_Requirement:_ Each line from the start of the records through the line containing "2022 Buick Encore GX Essence 8" is to be transcribed exactly, and no other line is to be included.

### Available data

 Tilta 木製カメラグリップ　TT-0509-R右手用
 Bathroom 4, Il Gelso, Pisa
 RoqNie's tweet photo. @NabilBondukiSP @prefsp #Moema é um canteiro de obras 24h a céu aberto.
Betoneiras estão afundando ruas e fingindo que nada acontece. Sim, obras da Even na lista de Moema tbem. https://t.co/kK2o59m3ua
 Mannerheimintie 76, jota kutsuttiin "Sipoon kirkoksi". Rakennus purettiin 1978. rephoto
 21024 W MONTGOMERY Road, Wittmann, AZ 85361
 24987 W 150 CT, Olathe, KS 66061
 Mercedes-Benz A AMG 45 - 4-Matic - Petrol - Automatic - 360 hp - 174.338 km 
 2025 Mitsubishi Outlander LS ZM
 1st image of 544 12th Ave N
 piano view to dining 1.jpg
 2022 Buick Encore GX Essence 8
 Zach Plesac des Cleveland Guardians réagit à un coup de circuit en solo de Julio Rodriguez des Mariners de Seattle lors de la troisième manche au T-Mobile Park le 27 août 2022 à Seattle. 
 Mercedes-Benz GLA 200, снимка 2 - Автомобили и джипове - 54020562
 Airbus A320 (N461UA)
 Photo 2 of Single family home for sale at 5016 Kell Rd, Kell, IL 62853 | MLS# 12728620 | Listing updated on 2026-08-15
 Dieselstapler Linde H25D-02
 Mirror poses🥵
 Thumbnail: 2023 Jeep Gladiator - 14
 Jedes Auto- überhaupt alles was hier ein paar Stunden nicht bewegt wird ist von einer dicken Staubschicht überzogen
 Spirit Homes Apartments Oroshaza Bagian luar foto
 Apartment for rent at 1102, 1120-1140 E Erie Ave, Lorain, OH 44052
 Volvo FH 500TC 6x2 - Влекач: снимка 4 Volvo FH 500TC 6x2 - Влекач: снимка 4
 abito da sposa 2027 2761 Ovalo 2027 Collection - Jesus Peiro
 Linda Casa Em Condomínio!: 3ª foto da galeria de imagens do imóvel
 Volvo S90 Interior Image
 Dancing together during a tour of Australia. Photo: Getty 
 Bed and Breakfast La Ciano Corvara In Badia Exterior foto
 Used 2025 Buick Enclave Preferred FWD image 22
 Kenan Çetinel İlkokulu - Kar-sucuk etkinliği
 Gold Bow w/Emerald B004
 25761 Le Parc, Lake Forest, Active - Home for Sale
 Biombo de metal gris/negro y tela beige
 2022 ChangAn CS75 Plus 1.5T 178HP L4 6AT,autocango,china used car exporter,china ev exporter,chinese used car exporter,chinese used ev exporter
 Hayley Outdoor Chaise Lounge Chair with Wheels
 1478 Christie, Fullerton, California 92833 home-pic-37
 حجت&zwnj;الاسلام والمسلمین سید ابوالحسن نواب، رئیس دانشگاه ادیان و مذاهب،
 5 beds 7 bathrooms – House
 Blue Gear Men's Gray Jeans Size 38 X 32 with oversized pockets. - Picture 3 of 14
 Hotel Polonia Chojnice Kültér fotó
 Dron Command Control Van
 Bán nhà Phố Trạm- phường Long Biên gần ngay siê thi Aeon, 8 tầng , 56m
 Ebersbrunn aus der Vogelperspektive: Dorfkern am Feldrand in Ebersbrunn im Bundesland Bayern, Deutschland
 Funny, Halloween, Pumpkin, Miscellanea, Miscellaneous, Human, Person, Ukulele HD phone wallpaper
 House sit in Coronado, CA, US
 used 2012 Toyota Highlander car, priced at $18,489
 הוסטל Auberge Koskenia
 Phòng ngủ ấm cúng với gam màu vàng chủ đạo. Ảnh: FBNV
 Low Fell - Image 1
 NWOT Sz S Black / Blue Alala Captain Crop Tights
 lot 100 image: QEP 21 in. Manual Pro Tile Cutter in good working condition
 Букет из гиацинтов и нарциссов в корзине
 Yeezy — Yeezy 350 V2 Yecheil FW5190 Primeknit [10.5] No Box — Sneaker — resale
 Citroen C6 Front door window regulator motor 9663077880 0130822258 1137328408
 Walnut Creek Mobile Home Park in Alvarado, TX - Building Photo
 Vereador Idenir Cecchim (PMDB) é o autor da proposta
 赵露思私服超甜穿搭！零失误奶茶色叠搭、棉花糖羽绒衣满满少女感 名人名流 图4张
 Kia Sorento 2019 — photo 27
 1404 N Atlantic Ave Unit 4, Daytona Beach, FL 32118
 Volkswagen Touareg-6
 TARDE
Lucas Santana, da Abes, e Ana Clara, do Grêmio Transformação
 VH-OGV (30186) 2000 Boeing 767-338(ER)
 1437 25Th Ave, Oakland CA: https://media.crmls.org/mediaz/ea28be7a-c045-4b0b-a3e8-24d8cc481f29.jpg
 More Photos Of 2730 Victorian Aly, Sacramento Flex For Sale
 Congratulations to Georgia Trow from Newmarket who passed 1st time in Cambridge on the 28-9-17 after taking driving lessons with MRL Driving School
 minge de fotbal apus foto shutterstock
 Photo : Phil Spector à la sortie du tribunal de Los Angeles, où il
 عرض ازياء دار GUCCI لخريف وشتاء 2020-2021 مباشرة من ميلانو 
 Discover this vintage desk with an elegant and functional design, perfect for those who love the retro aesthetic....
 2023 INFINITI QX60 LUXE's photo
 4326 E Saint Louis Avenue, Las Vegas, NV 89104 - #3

######

_Result:_
 Tilta 木製カメラグリップ　TT-0509-R右手用
 Bathroom 4, Il Gelso, Pisa
 RoqNie's tweet photo. @NabilBondukiSP @prefsp #Moema é um canteiro de obras 24h a céu aberto.
Betoneiras estão afundando ruas e fingindo que nada acontece. Sim, obras da Even na lista de Moema tbem. https://t.co/kK2o59m3ua
 Mannerheimintie 76, jota kutsuttiin "Sipoon kirkoksi". Rakennus purettiin 1978. rephoto
 21024 W MONTGOMERY Road, Wittmann, AZ 85361
 24987 W 150 CT, Olathe, KS 66061
 Mercedes-Benz A AMG 45 - 4-Matic - Petrol - Automatic - 360 hp - 174.338 km 
 2025 Mitsubishi Outlander LS ZM
 1st image of 544 12th Ave N
 piano view to dining 1.jpg
 2022 Buick Encore GX Essence 8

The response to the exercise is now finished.